▸ What is being asked: Make an exact copy, from the records below, of the lines from the line containing "Hair Care Hair Growth Serum for Men Women" to the line containing "马鞍山男科：包皮过长是会遗传的吗？", both lines included, excluding pictures.

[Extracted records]

· · · · ·

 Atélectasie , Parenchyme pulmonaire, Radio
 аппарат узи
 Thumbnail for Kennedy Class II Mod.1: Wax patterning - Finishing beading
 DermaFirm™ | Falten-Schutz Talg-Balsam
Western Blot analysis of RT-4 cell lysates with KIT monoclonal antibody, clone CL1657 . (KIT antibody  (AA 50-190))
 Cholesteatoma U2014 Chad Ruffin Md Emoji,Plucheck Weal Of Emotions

· · · · ·

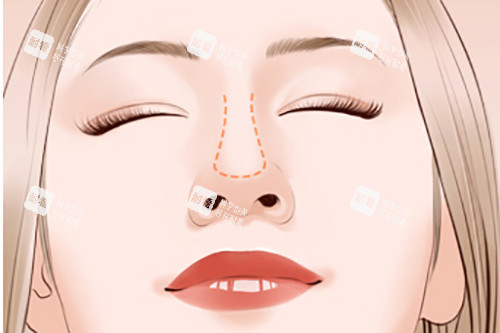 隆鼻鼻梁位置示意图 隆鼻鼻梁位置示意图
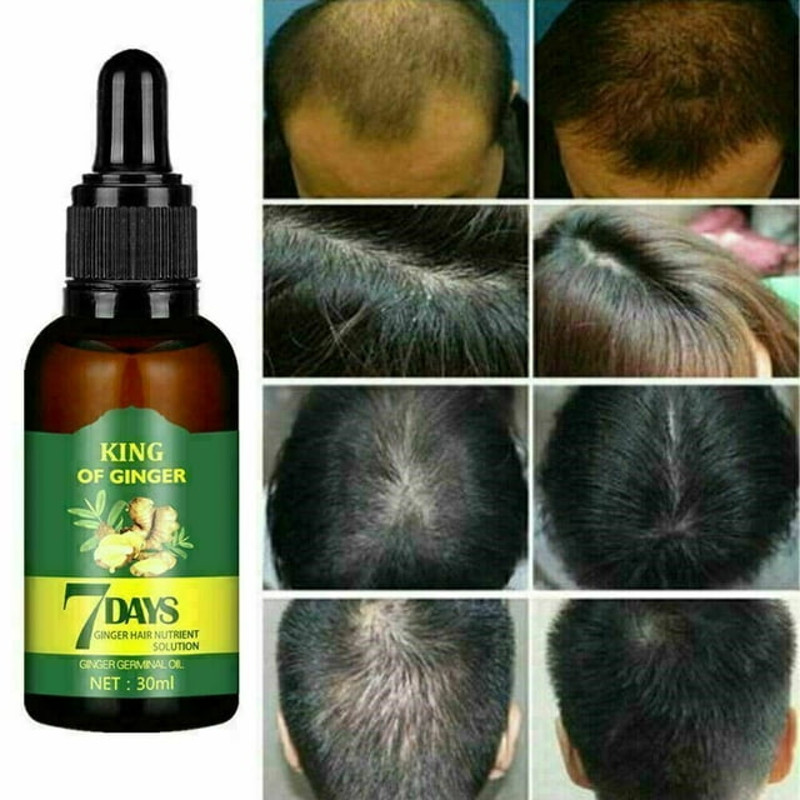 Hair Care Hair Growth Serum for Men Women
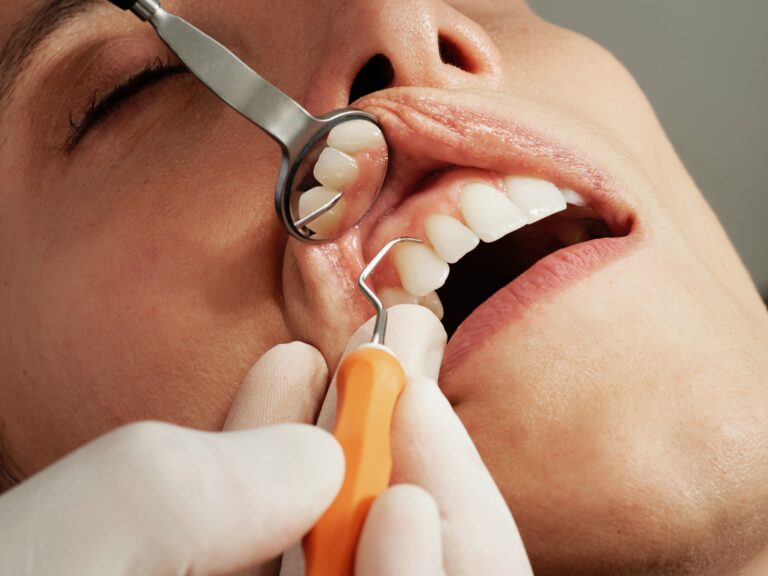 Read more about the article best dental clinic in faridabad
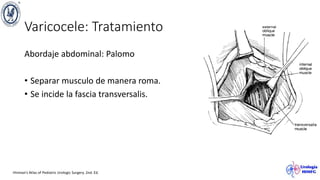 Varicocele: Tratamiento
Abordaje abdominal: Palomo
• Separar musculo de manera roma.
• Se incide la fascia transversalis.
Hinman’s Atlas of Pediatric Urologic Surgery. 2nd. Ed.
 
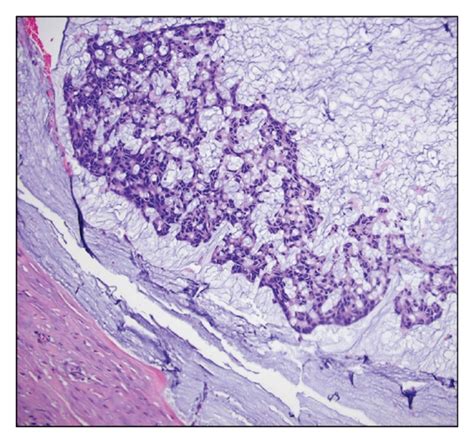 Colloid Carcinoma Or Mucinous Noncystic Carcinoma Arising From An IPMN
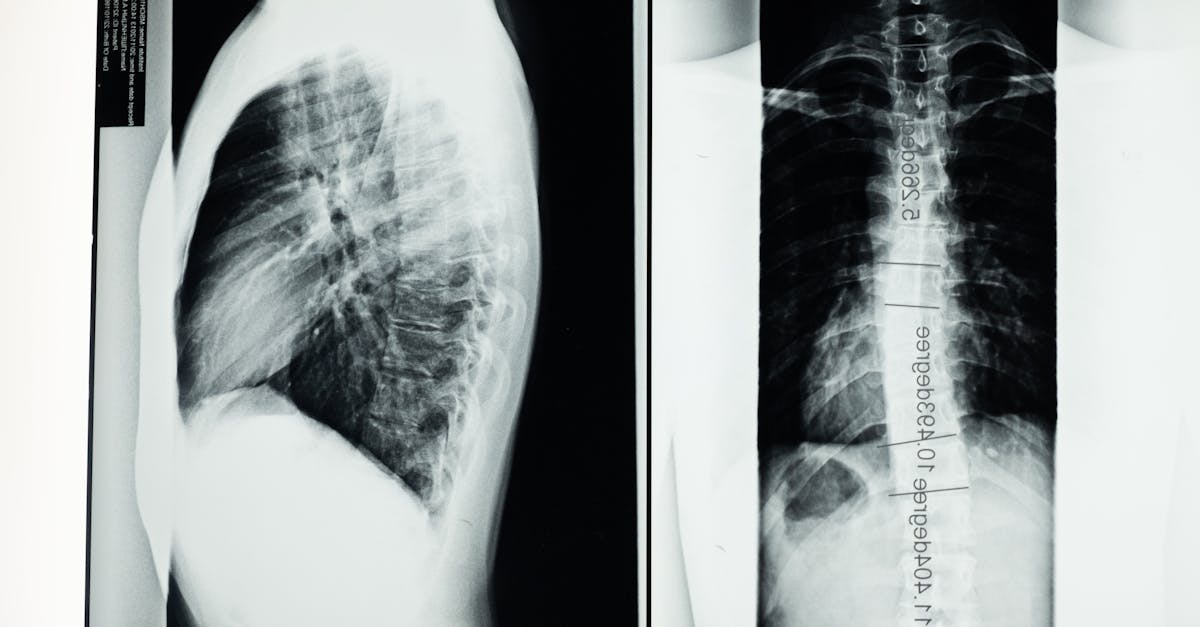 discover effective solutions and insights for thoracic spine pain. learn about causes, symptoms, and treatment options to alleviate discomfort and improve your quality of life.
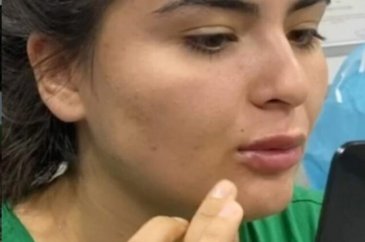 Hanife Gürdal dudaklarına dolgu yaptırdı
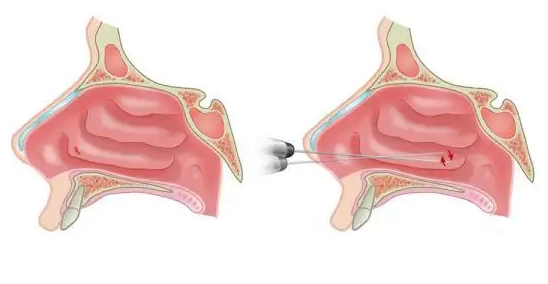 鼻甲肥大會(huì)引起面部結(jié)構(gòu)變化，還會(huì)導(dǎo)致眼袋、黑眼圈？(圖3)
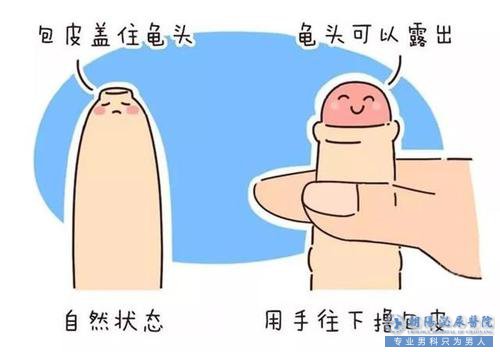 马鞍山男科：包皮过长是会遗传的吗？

· · · · ·

▸ Answer to this exercise:
 Hair Care Hair Growth Serum for Men Women
 Read more about the article best dental clinic in faridabad
 Varicocele: Tratamiento
Abordaje abdominal: Palomo
• Separar musculo de manera roma.
• Se incide la fascia transversalis.
Hinman’s Atlas of Pediatric Urologic Surgery. 2nd. Ed.
 
 Colloid Carcinoma Or Mucinous Noncystic Carcinoma Arising From An IPMN
 discover effective solutions and insights for thoracic spine pain. learn about causes, symptoms, and treatment options to alleviate discomfort and improve your quality of life.
 Hanife Gürdal dudaklarına dolgu yaptırdı
 鼻甲肥大會(huì)引起面部結(jié)構(gòu)變化，還會(huì)導(dǎo)致眼袋、黑眼圈？(圖3)
 马鞍山男科：包皮过长是会遗传的吗？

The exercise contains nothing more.